Pseudoreplication is especially a risk when using multiple group/period studies so we will concentrate on this type of design.
- Define the limits of the statistical population you are considering in all dimensions. For example if you are comparing quality of service between public and private health providers, or bird species richness on organic and conventional farms, define the geographical area and time period within which you will operate.
- Draw up a sampling frame for your primary sampling unit - for example all public and private health providers, or all organic and conventional farms within the area. If you cannot produce such a list, you will have to take a haphazard sample - but this may be biased and will diminish (or eliminate) the external validity of the study. Ensure units are spatially and temporally independent.
- Select a sample of each type using random or stratified random sampling. These will be your replicates for examining the 'treatment' effect, so ensure your sample size is adequate. If you anticipate 'non-response' from some units (for example uncooperative farmers) select a larger sample to allow for this.
- Measure the response variable with sufficient precision within each primary unit. This may require sampling multiple secondary units, whether patients (for health providers) or transects (for bird species richness).
- Analyse the data using the average value for each primary unit to evaluate the 'treatment' effect.
- Select your experimental units. Ideally these would be a random selection from a known statistical population but in practice this is rarely possible. Most experiments lack external validity, but have high internal validity because of random allocation.
- Allocate units to treatments randomly using an appropriate experimental design to ensure adequate interspersion of treatments amongst units. If you have a large number of experimental units a completely random allocation of units to treatments may be adequate. But for a small number of units, pairing or stratification may be necessary to ensure balance of known confounding factors. If using a Latin square design with repeated measures over time ensure that treatments are independent - do not use exactly the same treatment applied to different units (as in the trap example above).

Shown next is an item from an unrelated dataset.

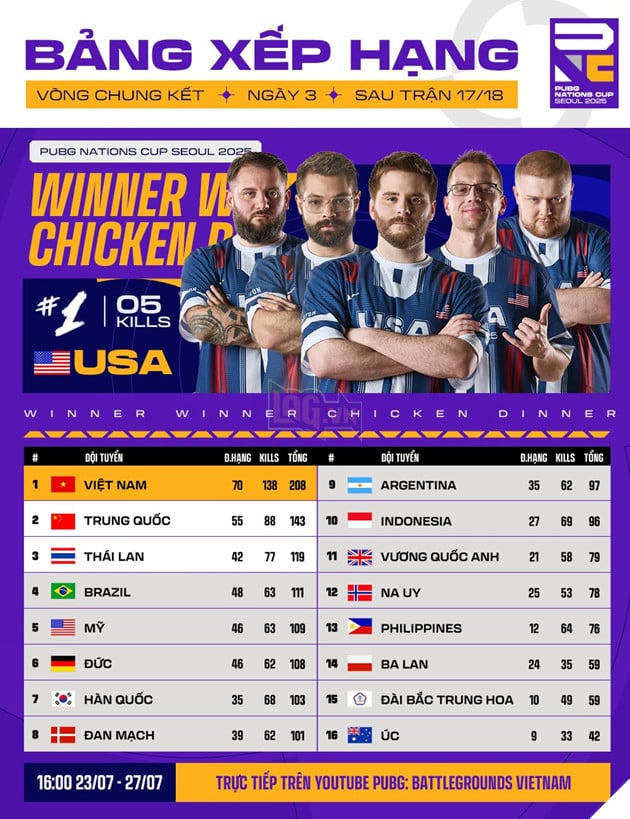 PUBG: Đội Tuyển Quốc Gia Việt Nam Bước Lên Ngôi Vô Địch PNC 2025 2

- After treatment allocation, ensure that each experimental unit is kept independent from all other units. For example: if an individual fish is the experimental unit, do not put all fish allocated to one treatment in one tank, and all fish allocated to the other treatment in another tank. Similarly, if the treatment is temperature, you cannot just use one constant temperature room or cabinet for each temperature. If all units cannot practically be kept separate (temperature controlled cabinets or rooms are often a limited resource!) or if the natural situation is that units interact, then make a group of individuals your experimental unit, and allocate treatments to groups (cluster randomization). Your sample size will then be the number of groups, but at least your estimate for each group will be relatively precise.
- Analyse the data using the average value for each experimental unit to evaluate the 'treatment' effect.